Pribimisasi Islam, Islam Nusantara, Islam China, India, Timteng, Islam Fiqih, Islam Syariah, Islam Sufi, Islam si anu, Islam budaya, Islam lokal , atau apapun namanya, bukankah harus tetap dalam bingkai jama’ah, sebagaimana anjuran Rasul, “ Kalian harus berjama’ah karena tangan Allah bersama jama’ah.” Karena menurut Rasul, “ Syetan bersama orang yang sendirian dan dari dua orang lebih jauh.” Hal ini merupakan aturan pelaksanaan undang-undang Tiuhan dalam al-An’am ayat 159,” Sesungguhnya orang-orang yang memecah belah agamanya dan mereka menjadi bergolongan, tidak ada sedikitpun tanggung jawabmu terhadap mereka.”

Jadi kalau bisa semua muslim sedunia pada suatu waktu, entah untuk salat lima waktu atau salat jum’at, hendaknya berjama’ah di Masjidil haram atau Masjid Nabawi di Madinah, dengan melepas semua atribut-atribut diri, budaya dan lokalitasnya. Jangan sampai saling berebut mencari dan mengambil shaaf tersendiri. Islam Nusantara paling depan, Islam India di tengah, Islam China di belakang, dan Islam Timur-Tengah tidak kebagian tempat terpaksa salat di tangga-tangga atau di lapangan.

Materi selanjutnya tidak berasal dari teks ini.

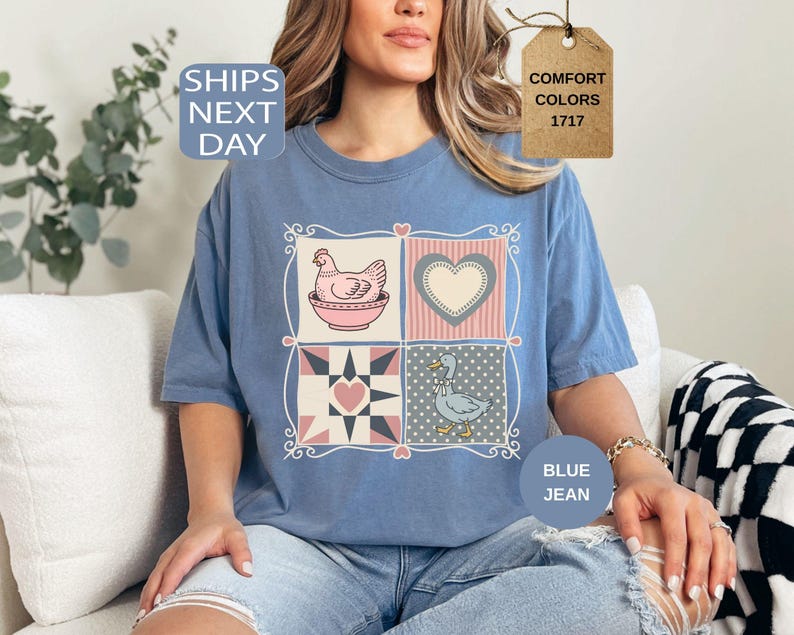 May include: Blue jean-coloured t-shirt with a patchwork design featuring a hen, a heart, a star, and a duck. The shirt has short sleeves and a crew neck. The text "Comfort Colors 1717" is on a tag.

Atau paling tidak selalu berorientasi sama dengan mengarahkan wajah ke arah kiblat ketika salat dengan kesadaran sebagai satu kesatuan yang berbaris menuju Allah. Al-Baqarah ayat 144 berbunyi, “ Sungguh Kami (sering) melihat mukamu menengadah ke langit, maka sungguh Kami akan memalingkan kamu ke kiblat yang kamu sukai. Maka palingkanlah mukamu ke arah Masjidil Haram. Dan di mana saja kamu berada, palingkanlah wajahmu ke arahnya...” Semua kita adalah fakir di hadapan Allah. Dan Allah pastinya tidak mlihat derajat seorang muslim dari latar suku, bangsa atau jenis kelaminnya, melainkan dari ketaqwaannya. Insya Allah, tidak akan terjadi nanti di surga seorang Islam Indonesia yang lembut, sopan dan tidak suka kekerasan, akan terheran-heran melihat seorang Islam timur-tengah yang radikal dan suka perang, lantas bertanya, “Lho, kok kamu di sini?....” Karena sejatinya setiap perang punya alasannya, kadang menjadi sebuah pilihan yang tak bisa dihindari. Dan setiap bangsa punya masalah, tanggung jawab, dan tantangannya sendiri.